Doesn't live up to premise of title...still a good read4
I suppose a book titled "10 Essays of the Political, Social, and Economic Underpinnings of Soccer" won't sell as many books, but in this case, would be more accurate. Maybe "How the World Explains Soccer" would be the better way to go. I had high expectations when I bought this, and while it's a good read, it was hard not to be disappointed with the book not really delivering on the title.

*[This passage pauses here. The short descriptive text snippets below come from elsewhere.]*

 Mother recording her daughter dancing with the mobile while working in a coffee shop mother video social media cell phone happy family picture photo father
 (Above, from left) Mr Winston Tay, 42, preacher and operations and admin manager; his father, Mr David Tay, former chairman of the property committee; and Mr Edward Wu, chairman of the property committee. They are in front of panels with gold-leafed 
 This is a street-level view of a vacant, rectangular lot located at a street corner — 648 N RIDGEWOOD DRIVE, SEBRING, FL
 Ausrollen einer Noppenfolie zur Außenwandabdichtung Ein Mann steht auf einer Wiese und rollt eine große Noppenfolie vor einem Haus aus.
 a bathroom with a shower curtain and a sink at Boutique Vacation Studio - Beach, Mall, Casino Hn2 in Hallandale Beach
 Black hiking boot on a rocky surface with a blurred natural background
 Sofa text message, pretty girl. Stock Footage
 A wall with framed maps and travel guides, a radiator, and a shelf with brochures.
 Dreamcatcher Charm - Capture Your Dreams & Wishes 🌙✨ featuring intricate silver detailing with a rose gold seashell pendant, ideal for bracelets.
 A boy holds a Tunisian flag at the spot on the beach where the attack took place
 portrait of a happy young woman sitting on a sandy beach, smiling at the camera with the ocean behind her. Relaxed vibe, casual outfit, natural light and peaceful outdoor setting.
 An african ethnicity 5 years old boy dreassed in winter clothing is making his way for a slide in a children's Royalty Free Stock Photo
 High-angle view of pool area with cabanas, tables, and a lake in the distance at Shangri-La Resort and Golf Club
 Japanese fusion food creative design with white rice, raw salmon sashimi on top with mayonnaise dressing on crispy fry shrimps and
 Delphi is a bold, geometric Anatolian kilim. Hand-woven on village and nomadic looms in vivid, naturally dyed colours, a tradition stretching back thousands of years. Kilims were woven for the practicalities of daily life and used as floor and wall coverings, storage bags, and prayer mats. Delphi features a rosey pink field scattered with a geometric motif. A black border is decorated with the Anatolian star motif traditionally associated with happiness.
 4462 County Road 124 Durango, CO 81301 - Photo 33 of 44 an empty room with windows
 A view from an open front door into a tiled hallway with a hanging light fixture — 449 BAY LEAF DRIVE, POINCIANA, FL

That said, some of the chapters were compelling. The first chapter demonstrating how Red Star Brigade was instrumental in Serbian nationalism in the 90's was rather chilling. The chapter on Celtic-Chelsea rivalry and Nigerians playing in the Ukraine were also most interesting to me. As a soccer fan that catches the occasional MLS match on US television, follows the US national team, and watches several World Cup matches every four years, I found the essays broadened my appreciation for the sport. More dedicated fans of the beautiful game will probably find some of the essays less informative, since a few seemed more like good reporting and really didn't have anything really profound to say, despite Foer trying mightily to do so.